PROBLEM - Start to finish, print the data below exactly, without the images.

_____

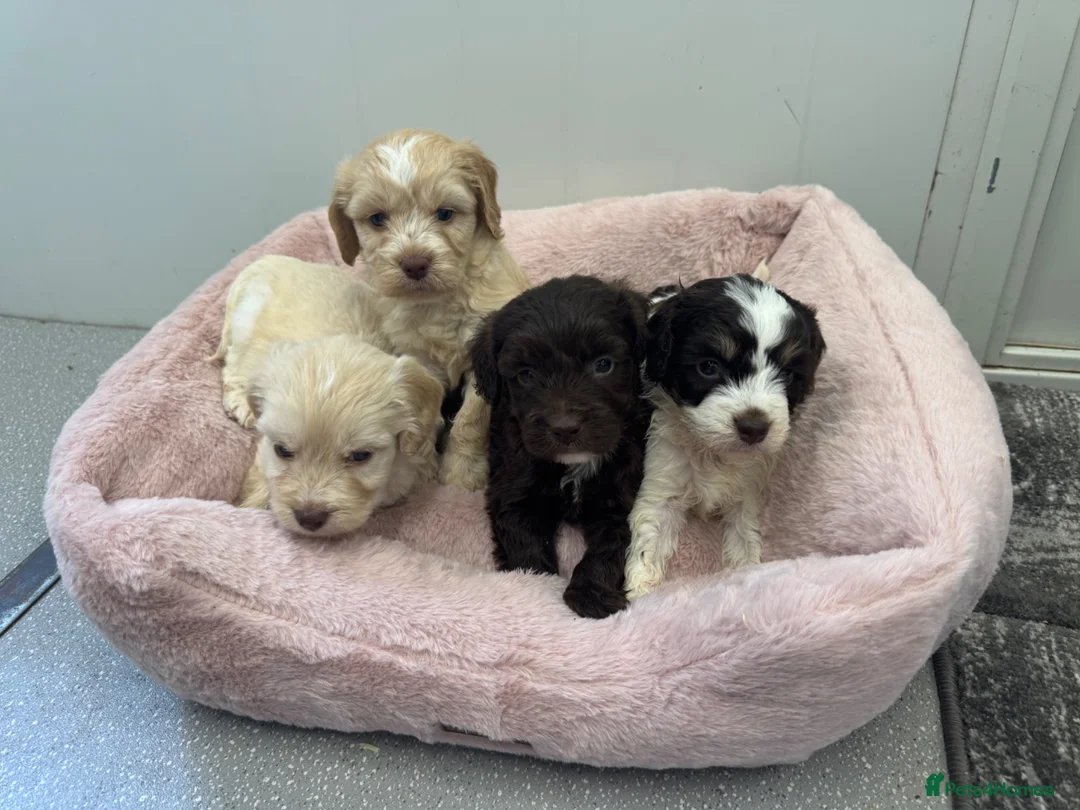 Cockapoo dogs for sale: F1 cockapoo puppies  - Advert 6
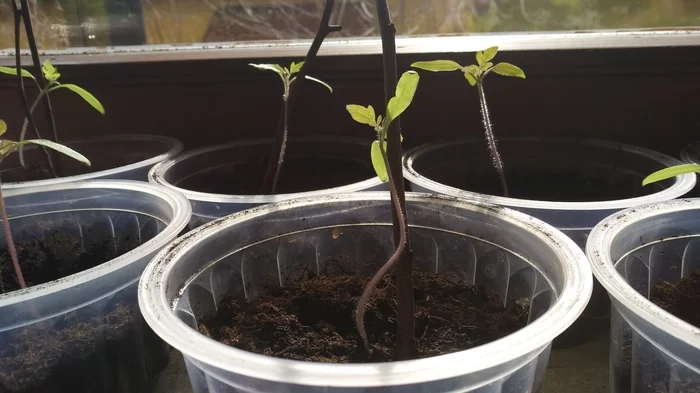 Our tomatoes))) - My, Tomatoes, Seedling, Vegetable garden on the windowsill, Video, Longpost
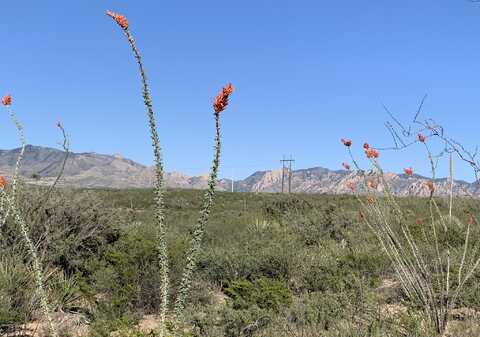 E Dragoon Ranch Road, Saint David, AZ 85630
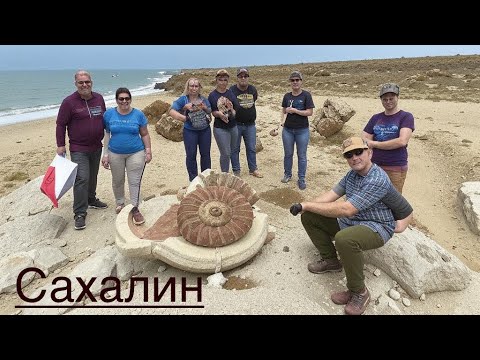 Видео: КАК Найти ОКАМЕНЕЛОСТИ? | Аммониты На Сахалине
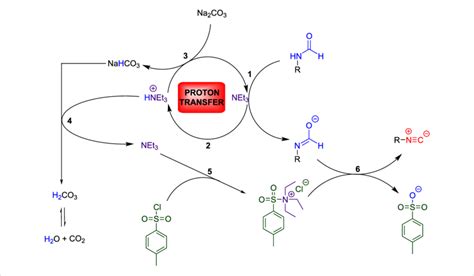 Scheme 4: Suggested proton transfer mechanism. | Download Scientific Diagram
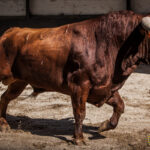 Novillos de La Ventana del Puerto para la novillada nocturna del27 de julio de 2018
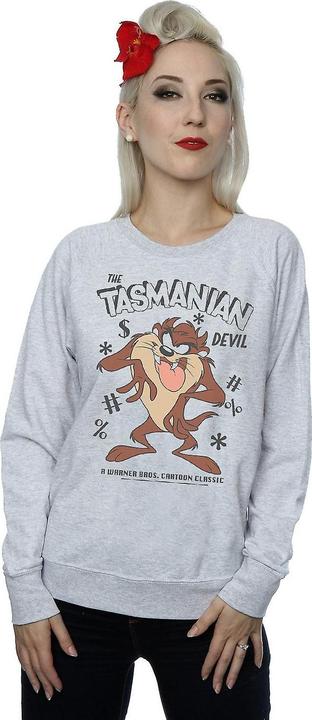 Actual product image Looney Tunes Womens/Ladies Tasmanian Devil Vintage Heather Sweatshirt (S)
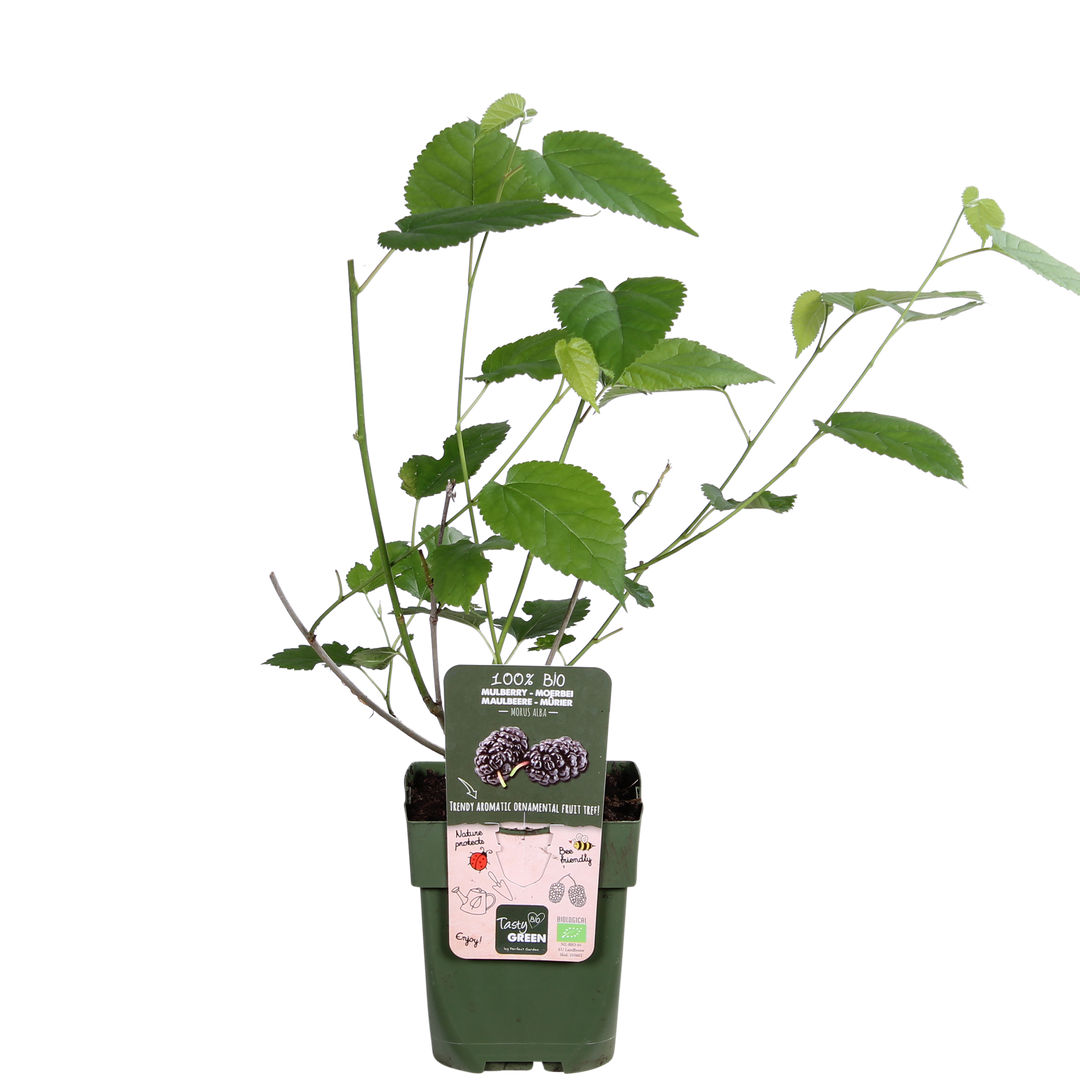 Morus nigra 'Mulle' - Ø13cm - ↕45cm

_____

YOUR SOLUTION -
 Cockapoo dogs for sale: F1 cockapoo puppies  - Advert 6
 Our tomatoes))) - My, Tomatoes, Seedling, Vegetable garden on the windowsill, Video, Longpost
 E Dragoon Ranch Road, Saint David, AZ 85630
 Видео: КАК Найти ОКАМЕНЕЛОСТИ? | Аммониты На Сахалине
 Scheme 4: Suggested proton transfer mechanism. | Download Scientific Diagram
 Novillos de La Ventana del Puerto para la novillada nocturna del27 de julio de 2018
 Actual product image Looney Tunes Womens/Ladies Tasmanian Devil Vintage Heather Sweatshirt (S)
 Morus nigra 'Mulle' - Ø13cm - ↕45cm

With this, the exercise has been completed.